The Target hack sure sounds scary: Tens of millions of shoppers' credit card data were stolen and are being sold on the black market. Hackers took emails, phone numbers and PINs too.
But there's comforting news in all this for consumers: Though the breach will be irritating for millions of shoppers who have to get new credit and debit cards, Target customers shouldn't lose a dime.
The reality is, Target will take the biggest hit. When fraudulent purchases are made with a credit card, the credit card companies make the customer and the bank whole. They then recover the money that was fraudulently charged by fining the merchant or raising the merchant's swipe fees.

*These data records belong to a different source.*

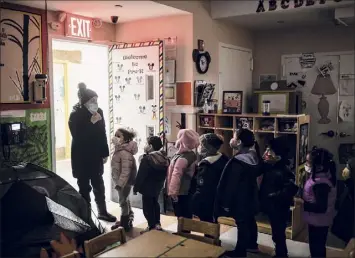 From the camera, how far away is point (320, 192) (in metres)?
3.10

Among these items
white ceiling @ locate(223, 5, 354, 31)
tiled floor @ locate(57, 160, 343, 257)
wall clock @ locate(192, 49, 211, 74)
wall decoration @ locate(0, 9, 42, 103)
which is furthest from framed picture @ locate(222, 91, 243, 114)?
wall decoration @ locate(0, 9, 42, 103)

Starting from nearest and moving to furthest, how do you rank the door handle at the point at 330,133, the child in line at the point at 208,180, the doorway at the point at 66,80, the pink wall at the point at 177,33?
the child in line at the point at 208,180
the pink wall at the point at 177,33
the door handle at the point at 330,133
the doorway at the point at 66,80

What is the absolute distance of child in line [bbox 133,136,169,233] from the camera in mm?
3756

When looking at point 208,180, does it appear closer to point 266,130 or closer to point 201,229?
point 201,229

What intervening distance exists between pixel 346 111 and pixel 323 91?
0.40 metres

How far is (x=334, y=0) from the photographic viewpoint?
4008 mm

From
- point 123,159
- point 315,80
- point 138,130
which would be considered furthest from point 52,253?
point 315,80

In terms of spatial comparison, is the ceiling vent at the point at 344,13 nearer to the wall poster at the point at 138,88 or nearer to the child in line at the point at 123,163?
the wall poster at the point at 138,88

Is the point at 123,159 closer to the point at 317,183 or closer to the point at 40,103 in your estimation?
the point at 40,103

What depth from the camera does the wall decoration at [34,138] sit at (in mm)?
3867

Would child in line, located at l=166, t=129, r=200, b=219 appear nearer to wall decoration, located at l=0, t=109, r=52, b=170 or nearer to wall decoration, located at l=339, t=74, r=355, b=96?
wall decoration, located at l=0, t=109, r=52, b=170

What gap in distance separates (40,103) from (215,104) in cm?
210

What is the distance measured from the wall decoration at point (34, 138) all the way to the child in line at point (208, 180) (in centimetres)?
167

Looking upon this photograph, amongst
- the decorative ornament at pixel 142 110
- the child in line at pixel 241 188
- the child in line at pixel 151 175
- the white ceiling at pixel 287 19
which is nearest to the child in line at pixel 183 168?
the child in line at pixel 151 175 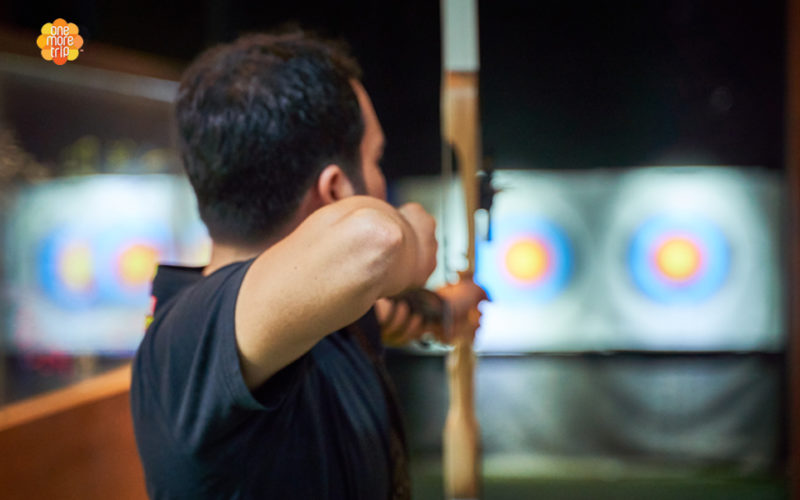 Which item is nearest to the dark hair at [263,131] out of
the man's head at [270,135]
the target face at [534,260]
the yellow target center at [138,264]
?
the man's head at [270,135]

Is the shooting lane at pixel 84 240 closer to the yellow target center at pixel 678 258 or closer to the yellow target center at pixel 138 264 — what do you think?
the yellow target center at pixel 138 264

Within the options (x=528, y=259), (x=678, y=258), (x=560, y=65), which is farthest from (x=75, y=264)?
(x=678, y=258)

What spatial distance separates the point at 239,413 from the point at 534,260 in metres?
1.97

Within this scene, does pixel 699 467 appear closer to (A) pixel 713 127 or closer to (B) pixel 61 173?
(A) pixel 713 127

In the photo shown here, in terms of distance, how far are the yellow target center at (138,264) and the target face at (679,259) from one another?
210cm

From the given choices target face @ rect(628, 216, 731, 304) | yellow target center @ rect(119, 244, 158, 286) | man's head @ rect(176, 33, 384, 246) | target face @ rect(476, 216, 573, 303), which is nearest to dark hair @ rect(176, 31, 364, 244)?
man's head @ rect(176, 33, 384, 246)

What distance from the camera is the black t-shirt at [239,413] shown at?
0.44 metres

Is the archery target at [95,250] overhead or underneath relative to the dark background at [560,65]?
underneath

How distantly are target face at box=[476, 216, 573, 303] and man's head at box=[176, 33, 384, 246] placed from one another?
5.96 ft

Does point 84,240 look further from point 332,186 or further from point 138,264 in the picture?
point 332,186

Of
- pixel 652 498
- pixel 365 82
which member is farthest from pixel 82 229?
pixel 652 498

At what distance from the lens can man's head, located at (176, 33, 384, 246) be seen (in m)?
0.49

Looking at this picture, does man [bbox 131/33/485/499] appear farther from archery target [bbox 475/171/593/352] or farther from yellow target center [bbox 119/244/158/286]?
archery target [bbox 475/171/593/352]

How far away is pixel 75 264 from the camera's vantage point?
593 millimetres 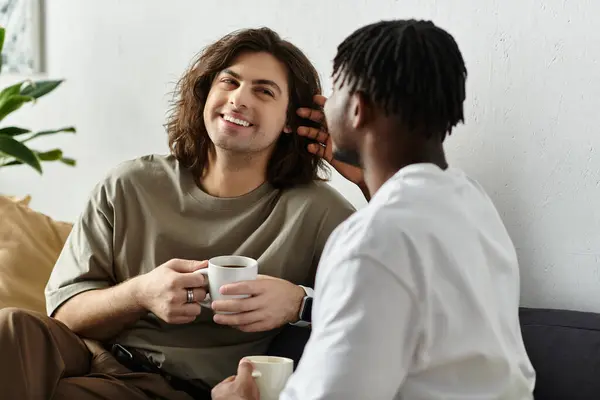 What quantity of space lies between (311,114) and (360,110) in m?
0.79

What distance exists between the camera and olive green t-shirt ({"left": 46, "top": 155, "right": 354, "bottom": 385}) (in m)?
1.80

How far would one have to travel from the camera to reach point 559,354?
1.52m

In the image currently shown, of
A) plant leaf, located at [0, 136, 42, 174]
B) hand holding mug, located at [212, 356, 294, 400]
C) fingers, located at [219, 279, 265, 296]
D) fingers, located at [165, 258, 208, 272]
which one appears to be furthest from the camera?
plant leaf, located at [0, 136, 42, 174]

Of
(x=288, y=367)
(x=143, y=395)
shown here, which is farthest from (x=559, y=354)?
(x=143, y=395)

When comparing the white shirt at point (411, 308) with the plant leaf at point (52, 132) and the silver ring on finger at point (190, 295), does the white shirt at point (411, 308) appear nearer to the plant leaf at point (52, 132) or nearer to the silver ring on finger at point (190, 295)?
the silver ring on finger at point (190, 295)

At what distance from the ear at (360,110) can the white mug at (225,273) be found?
1.62 feet

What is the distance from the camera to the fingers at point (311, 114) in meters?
1.87

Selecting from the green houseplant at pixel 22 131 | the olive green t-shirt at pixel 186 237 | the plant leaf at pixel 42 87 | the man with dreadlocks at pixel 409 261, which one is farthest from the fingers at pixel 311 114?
the plant leaf at pixel 42 87

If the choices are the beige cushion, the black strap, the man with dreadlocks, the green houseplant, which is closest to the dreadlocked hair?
the man with dreadlocks

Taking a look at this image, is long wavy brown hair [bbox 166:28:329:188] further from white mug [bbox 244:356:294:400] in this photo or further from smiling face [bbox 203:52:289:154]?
white mug [bbox 244:356:294:400]

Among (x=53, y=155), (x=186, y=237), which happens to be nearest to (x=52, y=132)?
(x=53, y=155)

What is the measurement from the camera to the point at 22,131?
99.7 inches

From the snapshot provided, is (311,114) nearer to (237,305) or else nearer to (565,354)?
(237,305)

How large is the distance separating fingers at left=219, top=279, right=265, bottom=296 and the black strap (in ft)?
0.90
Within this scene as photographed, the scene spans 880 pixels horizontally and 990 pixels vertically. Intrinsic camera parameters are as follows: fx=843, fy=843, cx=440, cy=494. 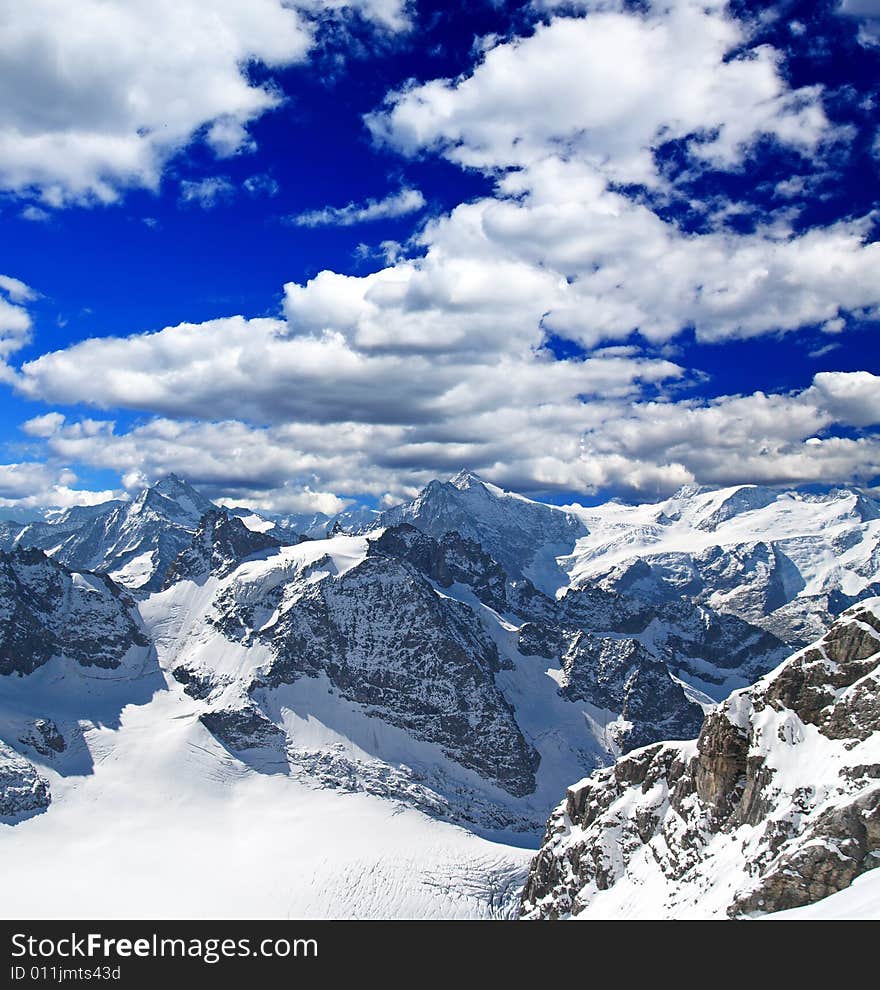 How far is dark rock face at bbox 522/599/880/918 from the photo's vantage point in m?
94.2

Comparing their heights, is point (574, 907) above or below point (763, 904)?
below

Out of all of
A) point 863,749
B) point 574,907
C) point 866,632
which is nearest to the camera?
point 863,749

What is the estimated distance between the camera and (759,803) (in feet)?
377

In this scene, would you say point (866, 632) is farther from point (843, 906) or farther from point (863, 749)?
point (843, 906)

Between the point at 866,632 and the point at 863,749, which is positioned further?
the point at 866,632

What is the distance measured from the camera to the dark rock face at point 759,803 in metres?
94.2

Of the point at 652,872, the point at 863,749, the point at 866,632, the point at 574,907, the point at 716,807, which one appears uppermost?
the point at 866,632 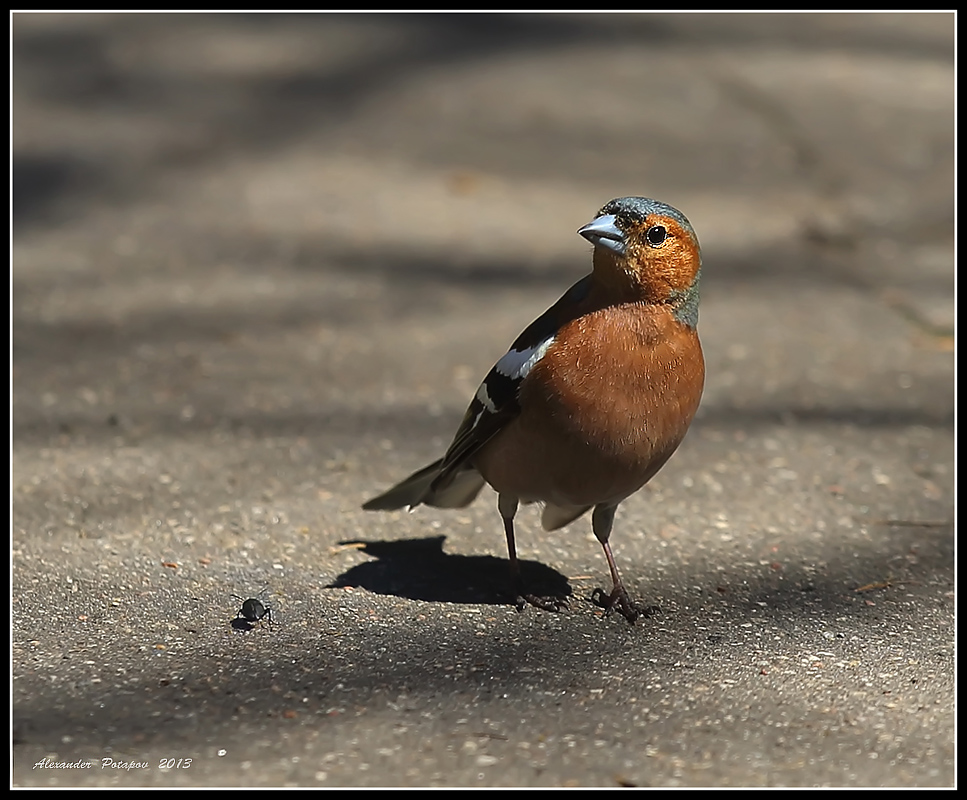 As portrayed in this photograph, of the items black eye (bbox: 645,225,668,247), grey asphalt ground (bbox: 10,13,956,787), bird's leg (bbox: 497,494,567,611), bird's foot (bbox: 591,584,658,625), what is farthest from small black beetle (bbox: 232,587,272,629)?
black eye (bbox: 645,225,668,247)

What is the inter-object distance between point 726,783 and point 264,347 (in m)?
4.36

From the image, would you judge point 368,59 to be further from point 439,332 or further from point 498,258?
point 439,332

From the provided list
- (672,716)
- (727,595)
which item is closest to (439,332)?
(727,595)

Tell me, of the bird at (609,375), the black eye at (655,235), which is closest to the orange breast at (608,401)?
the bird at (609,375)

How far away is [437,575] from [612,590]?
65 centimetres

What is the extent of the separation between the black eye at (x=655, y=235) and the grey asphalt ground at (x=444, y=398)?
4.26 ft

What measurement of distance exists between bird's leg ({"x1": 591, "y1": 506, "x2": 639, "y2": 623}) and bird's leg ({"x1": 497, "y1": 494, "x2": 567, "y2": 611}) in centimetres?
14

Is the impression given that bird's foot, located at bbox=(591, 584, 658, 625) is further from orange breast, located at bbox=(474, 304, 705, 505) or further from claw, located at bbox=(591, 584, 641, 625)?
orange breast, located at bbox=(474, 304, 705, 505)

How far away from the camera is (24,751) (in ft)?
11.2

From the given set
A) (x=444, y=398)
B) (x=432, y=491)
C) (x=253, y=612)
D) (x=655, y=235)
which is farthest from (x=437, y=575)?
(x=444, y=398)

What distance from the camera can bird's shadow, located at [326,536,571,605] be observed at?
4.61 meters

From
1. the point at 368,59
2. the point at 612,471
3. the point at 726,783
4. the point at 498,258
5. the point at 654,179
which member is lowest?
the point at 726,783

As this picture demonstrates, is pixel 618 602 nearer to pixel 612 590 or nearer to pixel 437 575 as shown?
pixel 612 590

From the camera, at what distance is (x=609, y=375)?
4125 millimetres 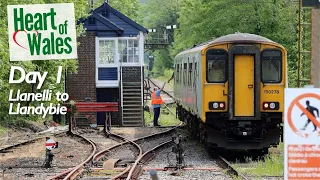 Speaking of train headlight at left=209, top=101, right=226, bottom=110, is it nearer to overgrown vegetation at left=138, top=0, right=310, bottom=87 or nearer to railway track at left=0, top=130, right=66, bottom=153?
railway track at left=0, top=130, right=66, bottom=153

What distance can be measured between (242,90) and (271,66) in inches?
36.5

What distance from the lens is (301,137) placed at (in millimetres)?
5980

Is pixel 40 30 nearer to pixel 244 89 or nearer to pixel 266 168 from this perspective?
pixel 244 89

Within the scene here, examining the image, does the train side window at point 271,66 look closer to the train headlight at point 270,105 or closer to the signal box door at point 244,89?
the signal box door at point 244,89

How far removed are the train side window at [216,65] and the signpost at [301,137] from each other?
8346 millimetres

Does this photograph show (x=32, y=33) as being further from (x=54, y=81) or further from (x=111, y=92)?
(x=111, y=92)

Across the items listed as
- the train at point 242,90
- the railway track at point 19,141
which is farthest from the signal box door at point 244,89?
the railway track at point 19,141

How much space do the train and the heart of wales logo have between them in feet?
19.2

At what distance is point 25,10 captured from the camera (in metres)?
18.4

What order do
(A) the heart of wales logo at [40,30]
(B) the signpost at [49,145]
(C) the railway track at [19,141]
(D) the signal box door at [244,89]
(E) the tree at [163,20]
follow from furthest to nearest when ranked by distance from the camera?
(E) the tree at [163,20] < (A) the heart of wales logo at [40,30] < (C) the railway track at [19,141] < (D) the signal box door at [244,89] < (B) the signpost at [49,145]

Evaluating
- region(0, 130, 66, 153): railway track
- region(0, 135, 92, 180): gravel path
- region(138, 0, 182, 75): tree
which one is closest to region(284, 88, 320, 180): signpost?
region(0, 135, 92, 180): gravel path

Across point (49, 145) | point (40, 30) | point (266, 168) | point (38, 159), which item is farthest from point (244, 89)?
point (40, 30)

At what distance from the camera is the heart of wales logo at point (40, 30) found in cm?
1816

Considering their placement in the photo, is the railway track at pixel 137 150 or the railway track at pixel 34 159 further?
the railway track at pixel 34 159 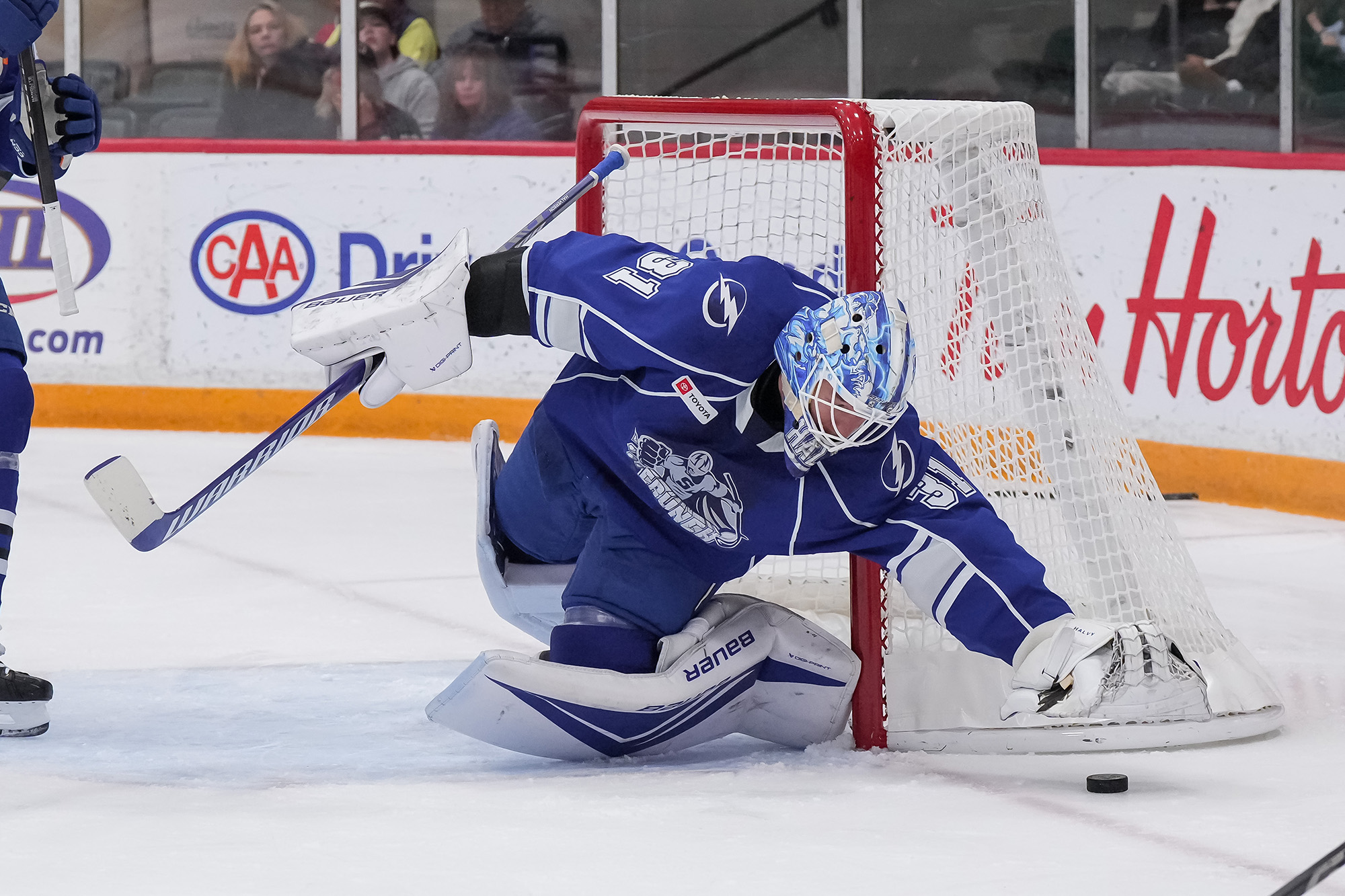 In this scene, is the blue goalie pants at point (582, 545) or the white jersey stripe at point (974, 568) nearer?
the white jersey stripe at point (974, 568)

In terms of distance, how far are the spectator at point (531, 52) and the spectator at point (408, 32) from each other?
0.07 metres

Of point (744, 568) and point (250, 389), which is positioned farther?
point (250, 389)

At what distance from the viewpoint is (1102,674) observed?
2.02 meters

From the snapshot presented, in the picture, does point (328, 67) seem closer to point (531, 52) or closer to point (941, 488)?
point (531, 52)

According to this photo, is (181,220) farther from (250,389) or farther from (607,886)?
(607,886)

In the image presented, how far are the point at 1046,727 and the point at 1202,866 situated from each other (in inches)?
20.8

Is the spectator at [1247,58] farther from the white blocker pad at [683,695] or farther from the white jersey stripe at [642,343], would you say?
the white jersey stripe at [642,343]

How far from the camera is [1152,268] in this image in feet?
15.5

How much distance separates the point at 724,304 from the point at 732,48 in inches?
170

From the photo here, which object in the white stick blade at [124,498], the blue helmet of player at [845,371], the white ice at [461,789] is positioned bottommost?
the white ice at [461,789]

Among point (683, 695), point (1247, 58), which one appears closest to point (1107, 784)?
point (683, 695)

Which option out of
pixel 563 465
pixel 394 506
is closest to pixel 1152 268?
pixel 394 506

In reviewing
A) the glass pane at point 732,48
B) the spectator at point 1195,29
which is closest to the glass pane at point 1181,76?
the spectator at point 1195,29

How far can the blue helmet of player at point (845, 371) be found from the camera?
2064mm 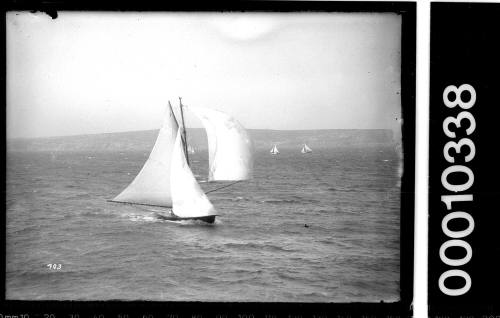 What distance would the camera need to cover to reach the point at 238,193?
2408mm

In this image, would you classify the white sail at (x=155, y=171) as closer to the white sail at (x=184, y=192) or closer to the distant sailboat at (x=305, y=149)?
the white sail at (x=184, y=192)

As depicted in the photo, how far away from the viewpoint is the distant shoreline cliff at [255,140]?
2348 mm

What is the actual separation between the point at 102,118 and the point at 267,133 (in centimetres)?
82

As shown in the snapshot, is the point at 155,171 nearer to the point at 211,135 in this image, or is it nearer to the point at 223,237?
the point at 211,135

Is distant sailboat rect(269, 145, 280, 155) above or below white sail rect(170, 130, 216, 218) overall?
above

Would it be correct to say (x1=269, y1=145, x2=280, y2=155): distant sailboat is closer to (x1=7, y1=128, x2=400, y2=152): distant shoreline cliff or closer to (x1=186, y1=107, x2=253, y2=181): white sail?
(x1=7, y1=128, x2=400, y2=152): distant shoreline cliff

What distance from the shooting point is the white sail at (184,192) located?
2.39 m

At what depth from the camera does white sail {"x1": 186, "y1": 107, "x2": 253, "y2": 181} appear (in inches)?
93.8

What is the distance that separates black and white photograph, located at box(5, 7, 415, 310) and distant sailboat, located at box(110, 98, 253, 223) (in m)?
0.01

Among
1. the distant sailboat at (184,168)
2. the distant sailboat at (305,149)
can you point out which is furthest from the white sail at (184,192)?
the distant sailboat at (305,149)

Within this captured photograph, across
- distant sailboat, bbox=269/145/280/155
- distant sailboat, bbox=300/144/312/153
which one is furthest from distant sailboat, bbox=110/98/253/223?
distant sailboat, bbox=300/144/312/153

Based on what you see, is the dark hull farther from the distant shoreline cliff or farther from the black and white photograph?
the distant shoreline cliff

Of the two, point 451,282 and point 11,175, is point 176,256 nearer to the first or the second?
point 11,175

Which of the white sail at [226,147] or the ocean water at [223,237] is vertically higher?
the white sail at [226,147] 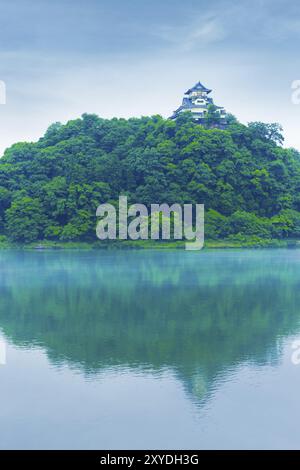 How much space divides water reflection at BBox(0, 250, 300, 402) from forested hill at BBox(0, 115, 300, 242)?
1232 cm

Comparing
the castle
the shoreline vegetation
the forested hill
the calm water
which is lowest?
the calm water

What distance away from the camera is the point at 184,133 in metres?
38.0

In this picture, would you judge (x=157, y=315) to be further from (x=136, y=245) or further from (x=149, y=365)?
(x=136, y=245)

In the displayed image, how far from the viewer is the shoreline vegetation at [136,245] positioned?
31.8 metres

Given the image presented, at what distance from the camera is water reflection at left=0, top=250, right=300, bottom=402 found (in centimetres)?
844

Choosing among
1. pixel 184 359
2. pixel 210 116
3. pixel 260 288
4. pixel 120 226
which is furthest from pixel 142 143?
pixel 184 359

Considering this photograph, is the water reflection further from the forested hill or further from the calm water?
the forested hill

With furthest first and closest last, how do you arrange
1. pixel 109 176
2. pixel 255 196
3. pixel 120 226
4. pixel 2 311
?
pixel 255 196 < pixel 109 176 < pixel 120 226 < pixel 2 311

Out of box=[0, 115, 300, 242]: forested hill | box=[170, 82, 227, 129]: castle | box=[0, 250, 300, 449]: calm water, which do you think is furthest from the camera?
box=[170, 82, 227, 129]: castle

That means consumers shouldn't worry about reports that hackers are selling the stolen credit and debit card information on the black market. Brian Krebs, the cybersecurity journalist who uncovered the Target breach, has traced the stolen data to card shops online. But if the card numbers haven't already been canceled, Target will be responsible for paying for whatever goods were purchased with the cards after they were stolen.
That might ultimately cost Target more than $50 million, according to estimates by Gartner financial fraud analyst Avivah Litan.
What's left for customers who shopped at Target's U.S. stores between Nov. 27 and Dec. 15 is the headache of staying on guard, monitoring their bank statements and getting a new card. Target even started offering free credit monitoring and identity theft protection as an added safety measure.
Target customers should also watch for fraudster emails, letters and phone calls too. If you've ever given Target your personal details, criminals now have your contact information.
That's because hackers didn't just break into Target's point-of-sale system and collect data from magnetic stripes on 40 million payment cards. They also wormed their way into Target's massive database of 70 million customers, which included names, emails, phone numbers and addresses.
On the one hand, criminals with that information have a better chance of duping you. They already know you shop at Target. Expect phone calls, phishing emails and letters with criminals posing as Target, the bank or law enforcement asking for even more sensitive information, such as your Social Security number or PIN.
On the other hand, criminals can't steal your identity by just knowing your contact information. The real damage here is that hackers know one thing: You shop at Target.
"It's bad they got a customer list, but the worst case scenario is a very targeted email phishing campaign," said Adrian Sanabria, a senior security analyst at 451 Research in Knoxville, Tenn. "I don't see any risk of identity theft from having that exposed."
The average consumer won't feel much of an impact -- if any -- from the Target breach. But practicing safe Web browsing behavior, changing passwords frequently and monitoring credit card statements would be smart steps to take.